A Long Commit

November 17, 2020

I recently made a commit that I’m a bit proud of. At work, most of my commit messages (or “check-ins”—thanks, TFS) are usually short and abbreviated. But every so often I work on something more involved where I go through several revisions before I even make a commit (sometimes because it doesn’t even become compilable or working just yet).
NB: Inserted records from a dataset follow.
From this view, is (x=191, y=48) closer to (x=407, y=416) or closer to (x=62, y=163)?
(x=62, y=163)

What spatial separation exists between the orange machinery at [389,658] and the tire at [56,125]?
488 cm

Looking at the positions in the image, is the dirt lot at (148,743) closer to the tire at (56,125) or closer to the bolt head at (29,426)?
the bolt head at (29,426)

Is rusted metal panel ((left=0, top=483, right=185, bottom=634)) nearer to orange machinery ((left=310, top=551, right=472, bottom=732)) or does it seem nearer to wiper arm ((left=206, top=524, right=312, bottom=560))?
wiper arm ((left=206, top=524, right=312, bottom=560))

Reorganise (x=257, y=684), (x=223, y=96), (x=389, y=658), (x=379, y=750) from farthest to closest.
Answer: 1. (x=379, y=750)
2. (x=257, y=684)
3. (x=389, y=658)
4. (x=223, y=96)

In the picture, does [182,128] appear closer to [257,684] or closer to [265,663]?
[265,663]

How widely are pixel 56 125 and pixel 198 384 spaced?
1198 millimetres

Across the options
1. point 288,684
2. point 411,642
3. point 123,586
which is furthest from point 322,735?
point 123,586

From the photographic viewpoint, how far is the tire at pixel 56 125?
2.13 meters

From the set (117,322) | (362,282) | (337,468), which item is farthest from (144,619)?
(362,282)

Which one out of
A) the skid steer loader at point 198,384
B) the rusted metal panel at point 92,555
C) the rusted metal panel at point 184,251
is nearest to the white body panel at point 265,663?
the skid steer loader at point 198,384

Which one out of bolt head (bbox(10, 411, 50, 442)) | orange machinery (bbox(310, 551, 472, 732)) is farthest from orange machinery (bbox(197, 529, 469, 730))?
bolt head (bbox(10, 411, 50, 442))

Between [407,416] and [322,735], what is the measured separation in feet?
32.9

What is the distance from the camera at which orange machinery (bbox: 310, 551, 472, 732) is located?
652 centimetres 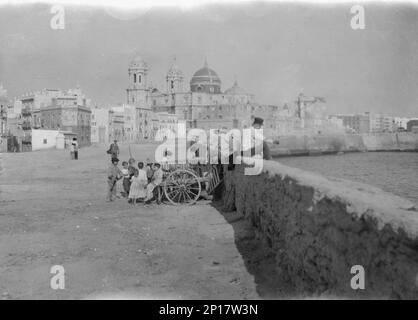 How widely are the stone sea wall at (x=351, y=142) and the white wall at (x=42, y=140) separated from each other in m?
31.3

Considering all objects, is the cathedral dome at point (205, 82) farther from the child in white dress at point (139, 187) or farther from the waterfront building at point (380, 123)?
the child in white dress at point (139, 187)

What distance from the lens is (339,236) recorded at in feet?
10.4

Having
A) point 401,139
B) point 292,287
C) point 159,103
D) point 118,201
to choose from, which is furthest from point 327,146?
point 292,287

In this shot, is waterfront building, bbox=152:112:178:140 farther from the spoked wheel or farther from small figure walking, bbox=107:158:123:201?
the spoked wheel

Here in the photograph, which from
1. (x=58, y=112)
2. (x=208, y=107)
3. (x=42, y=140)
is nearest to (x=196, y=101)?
(x=208, y=107)

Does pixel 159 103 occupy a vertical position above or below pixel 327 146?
above

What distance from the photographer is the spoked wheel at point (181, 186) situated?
365 inches

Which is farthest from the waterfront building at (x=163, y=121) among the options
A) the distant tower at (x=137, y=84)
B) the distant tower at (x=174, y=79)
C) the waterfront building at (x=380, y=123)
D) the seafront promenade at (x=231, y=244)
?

If it is particularly exciting to have reached that conclusion, then I’ll be inclined to note down not only my thoughts about the end result, but also to describe my own personal journey to that conclusion.

Here is said commit: https://github.com/Jman012/jlsftp/commit/b8895d6d4d6272f4f66bc508b45c989ebb6df4bb

The following is the contents of the commit. I could have used more code examples or linked to more sources, but it was still fun to write and I thought it would make for a nice short blog post.

First working draft of the NIO SftpPacketDecoder

This is the first version that is working based on a single unit test. It went through several revisions already.

The tricky part of all of this is dealing with the ByteBuffer. It’s very useful, but can be used in various ways, especially in regard to either reading or geting its data, and working with slices.

The serializer works by reading off of the buffer, but if that fails then we don’t want those bytes consumed already for the next invocation of the decoder, so we want the buffer reset. This is in contrast to a stateful decoder that might consume the bytes and store them across decoder invocations. While this might simplify the decoder, the deserializer might get really messy and I wouldn’t want to deal with that. It would be a lot more annoying to write the many different serializers, compared to the single decoder.

So, the decoder needs to start fresh on the next invocation if the deserializer needs more data. This could be done by resetting the reader index if we ever need more data, or leaving it as read when continuing.

The complication arises when we might have a lot of data in the buffer, and deserialize SSH_FXP_INIT. While this shouldn’t happen because the client shouldn’t send two packets at a time, it’s something that should be handled carefully. The init packet doesn’t contain a count of the extension data before iterating over them. It relies on the packet length to determine how many extensions there are. So if we passed in the entire decoding buffer, it might read into the next packet by accident.

Thus, we need to slice the buffer based on the packet length. Reading on a buffer slice doesn’t read on the original buffer, so we need to move the reader index on the original buffer if the slice reading was successful. That is the result of this commit. We slice twice, once to read the packet length/type, and again for the payload data for the deserializer, each time synthetically reading the original buffer as needed on success. This also helps because we can split up the decoder into more functions, instead of one very large decode(context:buffer:) method.

Part of this decoder implementation did away with the packet length and type deserialization in the original deserializer. I think I could maybe move that back out of the decoder and into the serializer object, to simplify the decoder somewhat. It will need to report better errors for the decoder, though, so I’ll have to be careful about that.

The next complication will be unit testing. I cannot create a ChannelHandlerContext mock. This will be tricky if the convenient ByteToMessageDecoderVerifier doesn’t get all scenarios (notably .body message parts which may not be deterministic).

Overall I’m happy with the progress, and can refactor if needed. See the commented decode(context:buffer:) for the first draft. It’ll be removed soon.